The Plaintiff asserted the proposition, set out in Monks v. ING Insurance Company of Canada, 2008, ONCA 269, that “insurance coverage provisions are to be interpreted broadly, while coverage exclusions or restrictions are to be construed narrowly, in favour of the insured”. Additionally, she provided examples of instances within theSABS where contemplation of other accidents is made. Further, the SABS makes use of the words “an” and “the” almost interchangeably.

In deciding the issue, Madam Justice Rady referred to the accepted practice of utilizing the “ordinary meaning rule” as the starting point of statutory interpretation. The following three principles are set out in her decision:

  1. It is presumed that the ordinary meaning of a legislative text is the meaning intended by the legislature. In the absence of a reason to reject it, the ordinary meaning prevails.
  2. Even if the ordinary meaning is plain, Courts must consider the purpose and scheme of the legislation, and relevant legal norms. They must consider the entire context.
  3. In light of these considerations, the Court may adopt an interpretation that modifies or departs from the ordinary meaning, provided the interpretation adopted is plausible and the reasons for adopting it are sufficient to justify the departure from ordinary meaning.

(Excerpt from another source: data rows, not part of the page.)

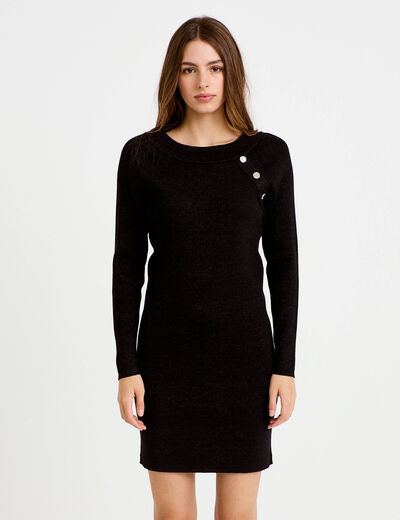 Robe pull ajust&eacute;e manches longues noir femme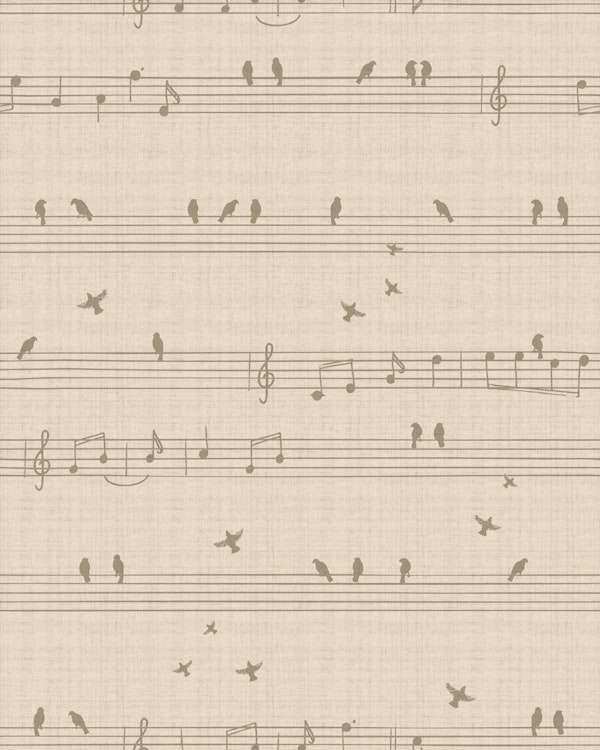 Musical birds texture large – neutral beige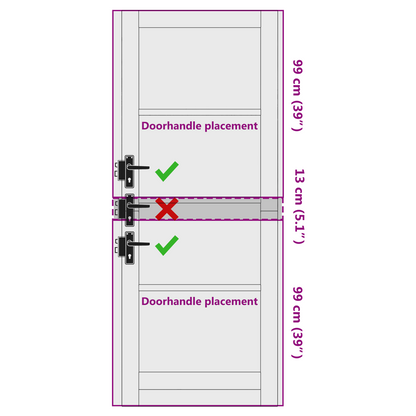 Interior Door White 83 x 211 cm Plywood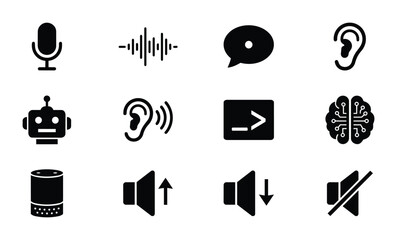 Fototapeta premium Speech Recognition Icons: Microphone, Sound Wave, Chat, Ear, Robot, Brain, Volume Control, Mute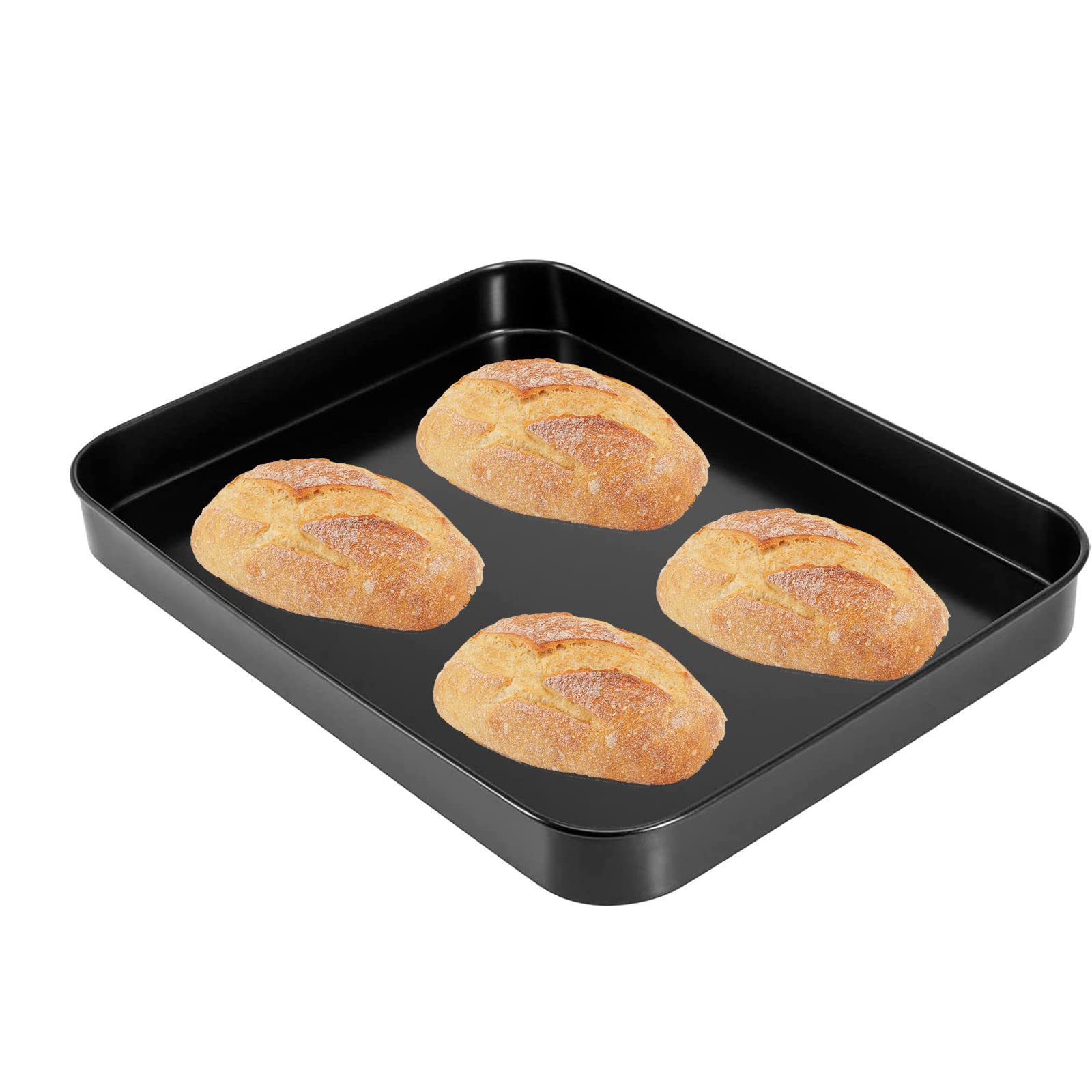 HOIGON 4 Pieces 7 x 9.6 x 1 Inch Baking Sheet Pans, Non Stick Baking Toaster Oven Pan Tray, Rectangular Bakeware Cookie Sheets Baking Sheets for Oven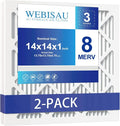 14x14x1 Air Filter MERV 8 MPR 600 2Pack Pleated HVAC AC Furnace Air Filters by WEBISAU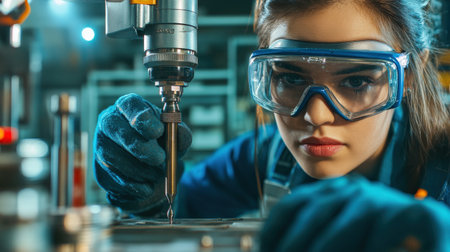 A close-up of a person wearing gloves and goggles while using a drill in a workshopの素材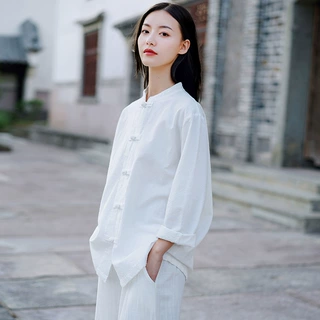 2026秋季中式复古立领盘扣茶服衬衫打坐禅修女式晨练功太极服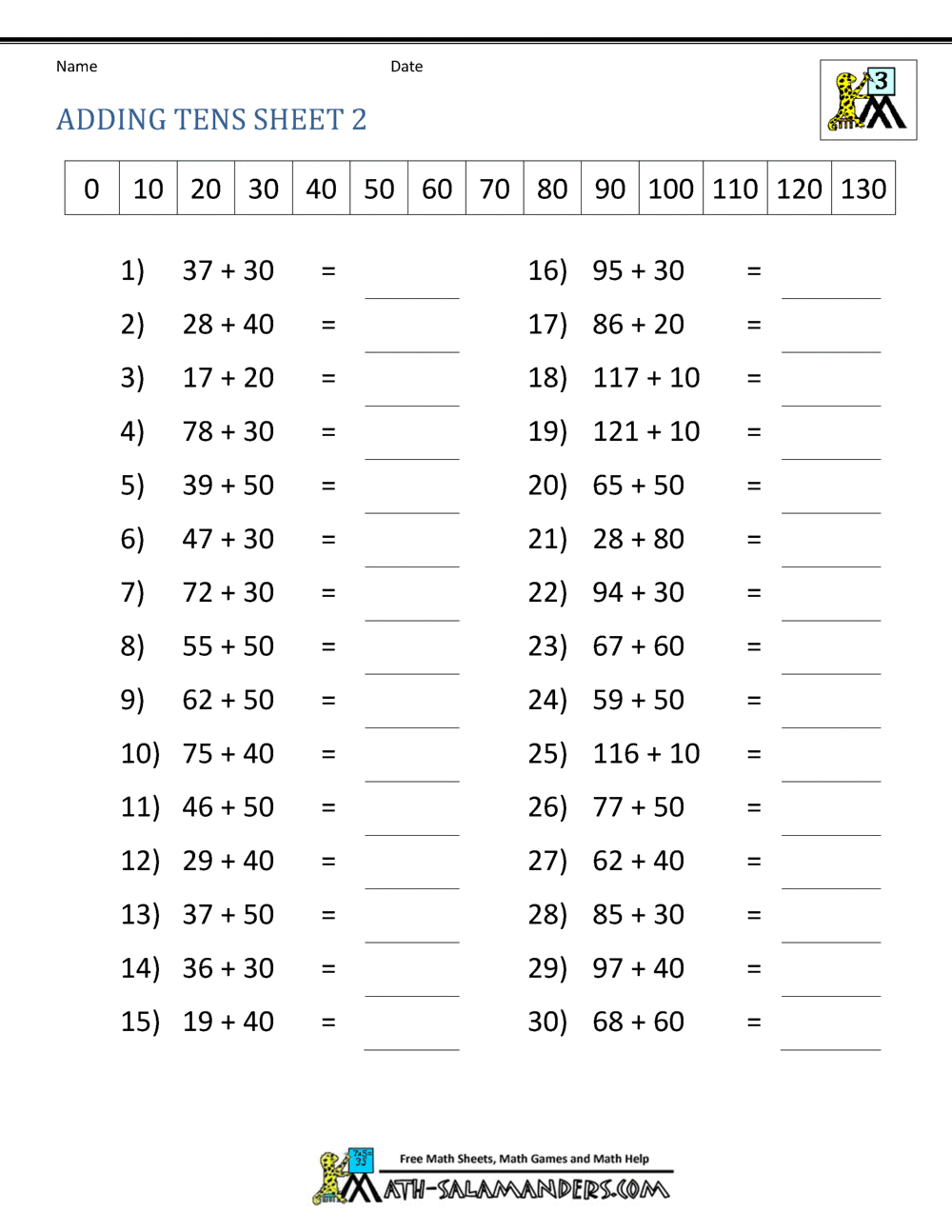 basic addition worksheet for 3rd grade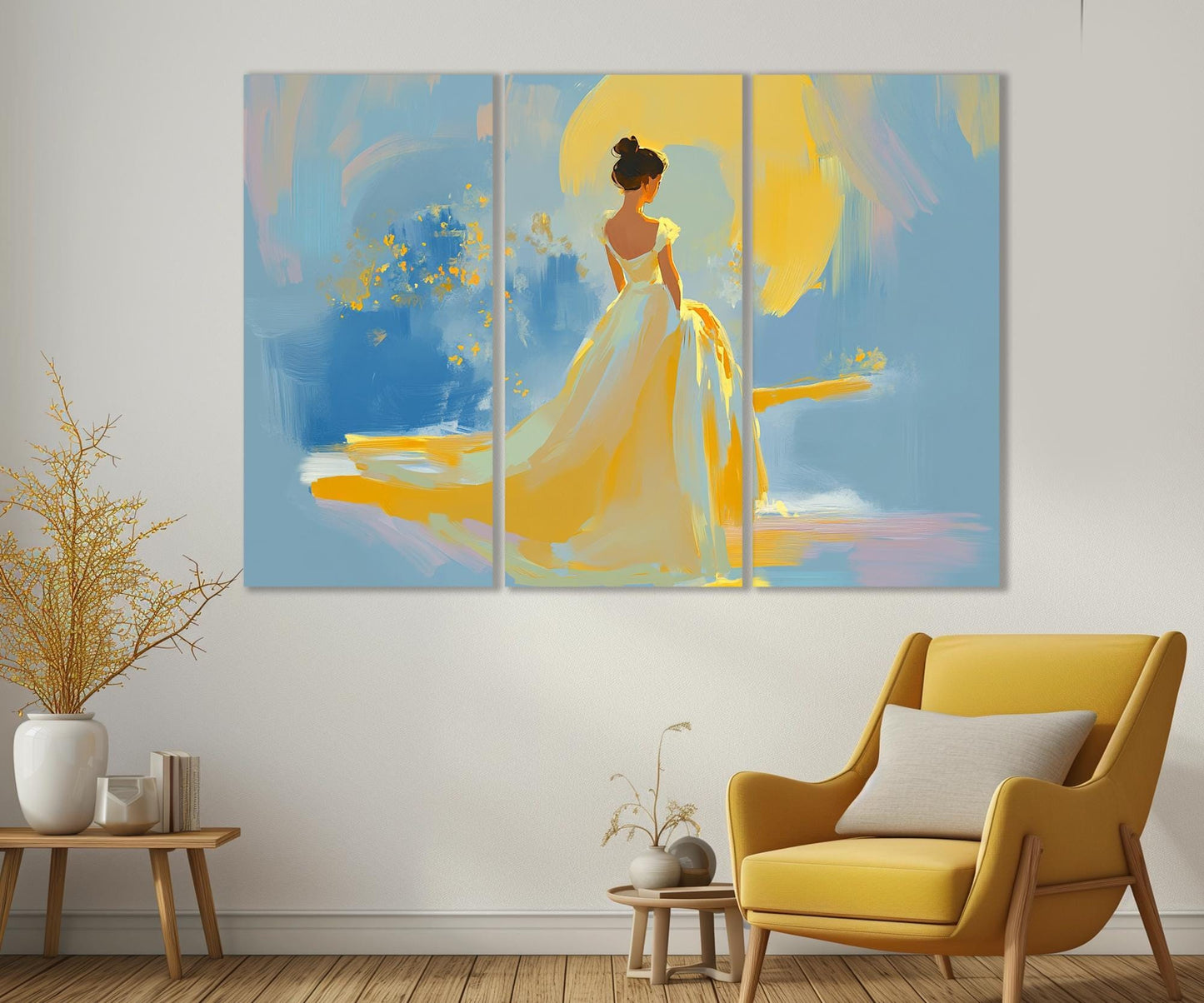 Yellow Dress Canvas Abstract Woman Painting Print – Framed Gallery Wrapped Art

Justice Rady uses the terminology set out in section 3 of the SABS as verification that the intention of the legislature to refer to a single accident. The terminology includes numerous references to “the accident”. However, it should be noted that there are references to “an accident” numerous times within that section.

Justice Rady determined that the use of the words “the accident” supports “the common sense interpretation that the references to an accident and the accident mean a single accident”. As well, she found support for this conclusion within the wording of the OCF 19, which requires the applicant to cite the date of “the accident”, and also contains a Note to Applicant provision that includes wording that supports the singular interpretation.

Finally, Justice Rady confirmed that on the evidence before her, the first and second accidents were not of a sufficient nature to render the applicant catastrophically impaired. It was only after the third accident, what Justice Rady refers to as the “tipping point” and the “catalyst”, that the applicants’ impairments were increased to a level that could possibly qualify for a catastrophic determination. Importantly, Justice Rady found that the injuries sustained in the earlier accidents “should not effectively render each accident liable to a retroactive catastrophic impairment determination”.

This decision would thus preclude an applicant from claiming “stacked” limits on benefits from successive accidents. It would also prevent an applicant who settled a claim from a previous accident from going back to that insurer and seeking increased benefits on the basis of a CAT determination on a successive accident. However, it will also permit an applicant to rely on injuries sustained in a prior accident as being contributory to the catastrophic level of impairment arising from the accident which is the proper subject of the submitted OCF 19. In effect, this decision ensures finality with respect to settlements, and that insurers are properly reserved for potential losses.